In mathematics, the signature of a metric tensor g (or equivalently, a real quadratic form thought of as a real symmetric bilinear form on a finite-dimensional vector space) is the number (counted with multiplicity) of positive, negative and zero eigenvalues of the real symmetric matrix g_ab of the metric tensor with respect to a basis. Alternatively, it can be defined as the dimensions of a maximal positive and null subspace. By Sylvester's law of inertia these numbers do not depend on the choice of basis and thus can be used to classify the metric. It is denoted by three integers (v, p, r), where v is the number of positive eigenvalues, p is the number of negative ones and r is the number of zero eigenvalues of the metric tensor. It can also be denoted (v, p) implying r = 0, or as an explicit list of signs of eigenvalues such as (+, −, −, −) or (−, +, +, +) for the signatures (1, 3, 0) and (3, 1, 0), respectively. The choice of the variable names v and p reflects the convention in relativistic physics that v represents the number of time or virtual dimensions, and p the number of space or physical dimensions.

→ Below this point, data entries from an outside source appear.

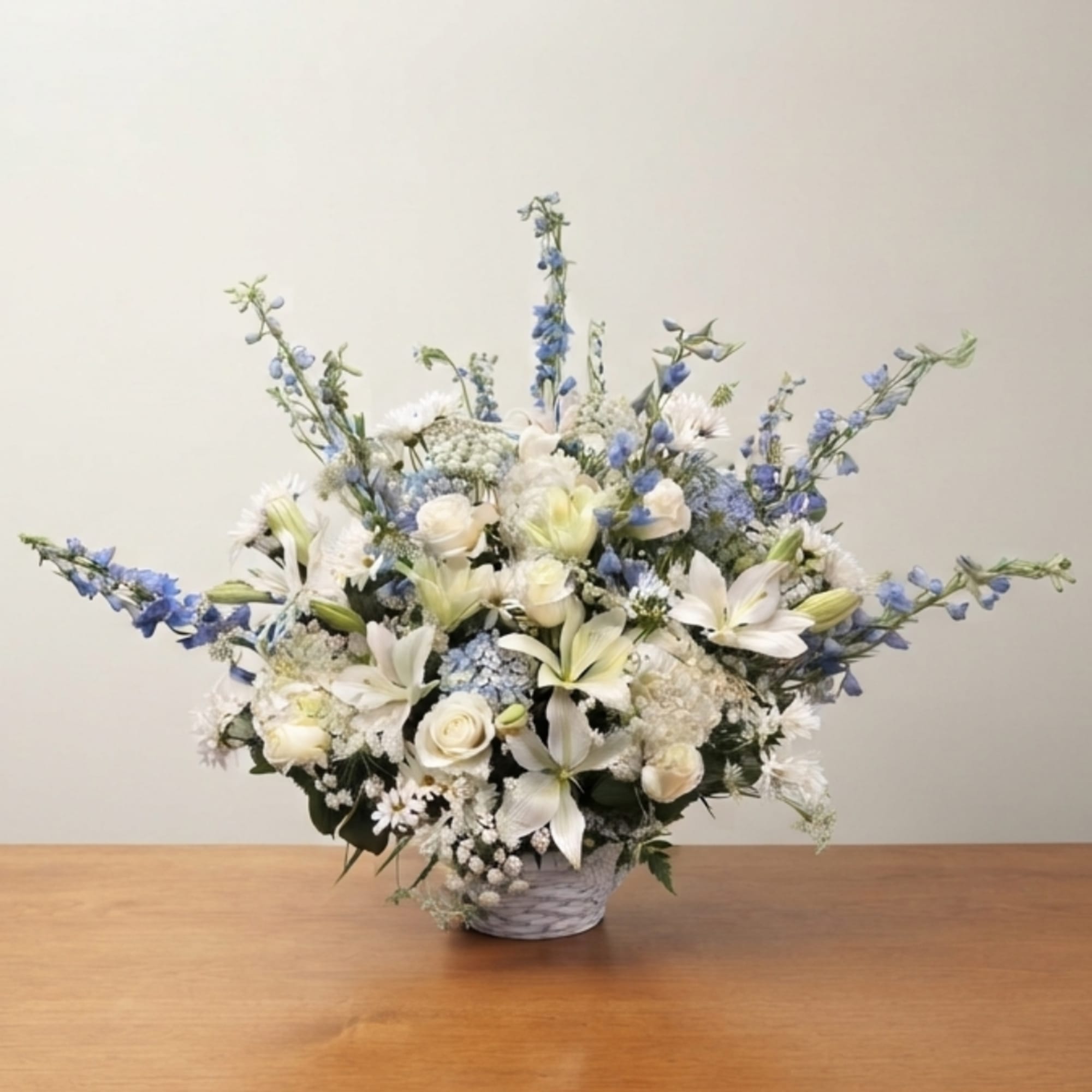 White and blue floral arrangement in a woven basket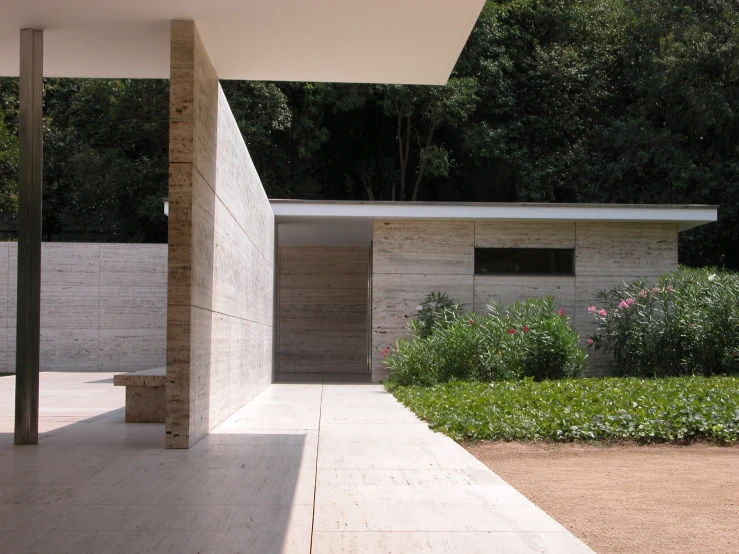 a stone walkway leading to a building surrounded by flowers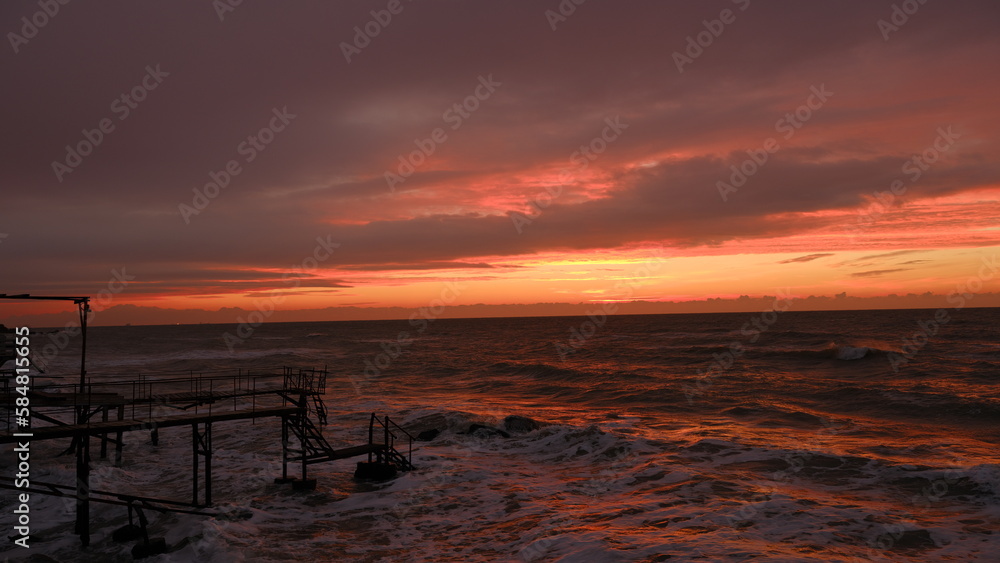 Close Up sea.
Orange sky.Amazing red sunrise on beach. Close Up sea.
Orange sky.Amazing red sunrise on beach.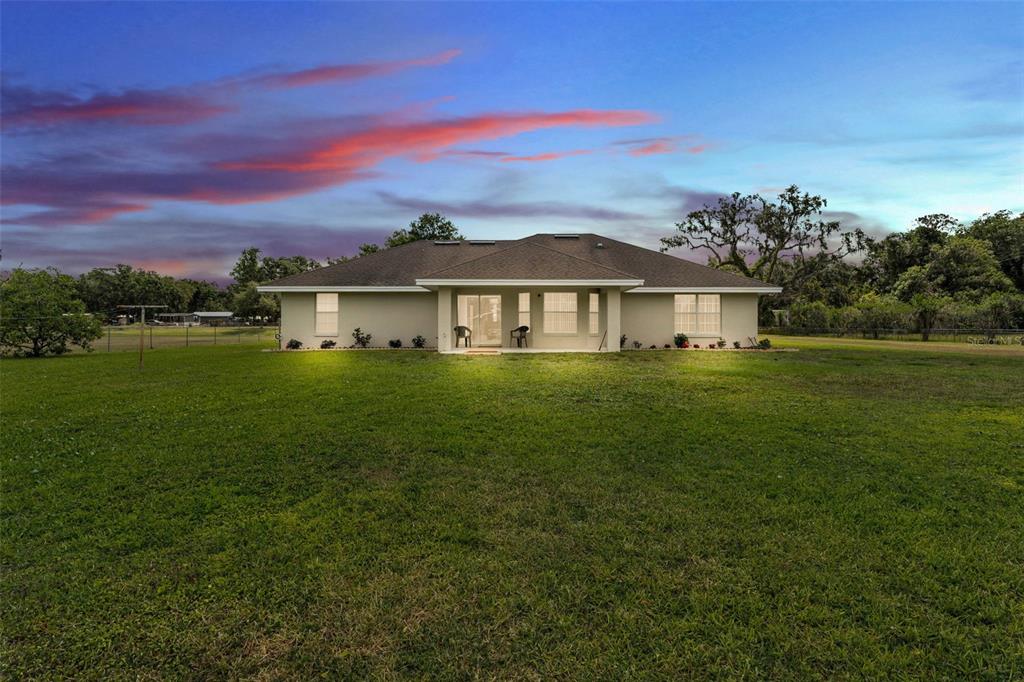 A wide-angle exterior view of the back of a single-story house with a large lawn — 8904 CARROLWOOD DRIVE, LAKELAND, FL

The signature is said to be indefinite or mixed if both v and p are nonzero, and degenerate if r is nonzero. A Riemannian metric is a metric with a positive definite signature (v, 0). A Lorentzian metric is a metric with signature (p, 1), or (1, p).

There is another notion of signature of a nondegenerate metric tensor given by a single number s defined as (v − p), where v and p are as above, which is equivalent to the above definition when the dimension n = v + p is given or implicit. For example, s = 1 − 3 = −2 for (+, −, −, −) and its mirroring s' = −s = +2 for (−, +, +, +).

The signature of a metric tensor is defined as the signature of the corresponding quadratic form. It is the number (v, p, r) of positive, negative and zero eigenvalues of any matrix (i.e. in any basis for the underlying vector space) representing the form, counted with their algebraic multiplicities. Usually, r = 0 is required, which is the same as saying a metric tensor must be nondegenerate, i.e. no nonzero vector is orthogonal to all vectors.

By Sylvester's law of inertia, the numbers (v, p, r) are basis independent.

By the spectral theorem a symmetric n × n matrix over the reals is always diagonalizable, and has therefore exactly n real eigenvalues (counted with algebraic multiplicity). Thus v + p = n = dim(V).

According to Sylvester's law of inertia, the signature of the scalar product (a.k.a. real symmetric bilinear form), g does not depend on the choice of basis. Moreover, for every metric g of signature (v, p, r) there exists a basis such that g_ab = +1 for a = b = 1, ..., v, g_ab = −1 for a = b = v + 1, ..., v + p and g_ab = 0 otherwise. It follows that there exists an isometry (V₁, g₁) → (V₂, g₂) if and only if the signatures of g₁ and g₂ are equal. Likewise the signature is equal for two congruent matrices and classifies a matrix up to congruency. Equivalently, the signature is constant on the orbits of the general linear group GL(V) on the space of symmetric rank 2 contravariant tensors S²V^∗ and classifies each orbit.

The number v (resp. p) is the maximal dimension of a vector subspace on which the scalar product g is positive-definite (resp. negative-definite), and r is the dimension of the radical of the scalar product g or the null subspace of symmetric matrix g_ab of the scalar product. Thus a nondegenerate scalar product has signature (v, p, 0), with v + p = n. A duality of the special cases (v, p, 0) correspond to two scalar eigenvalues which can be transformed into each other by the mirroring reciprocally.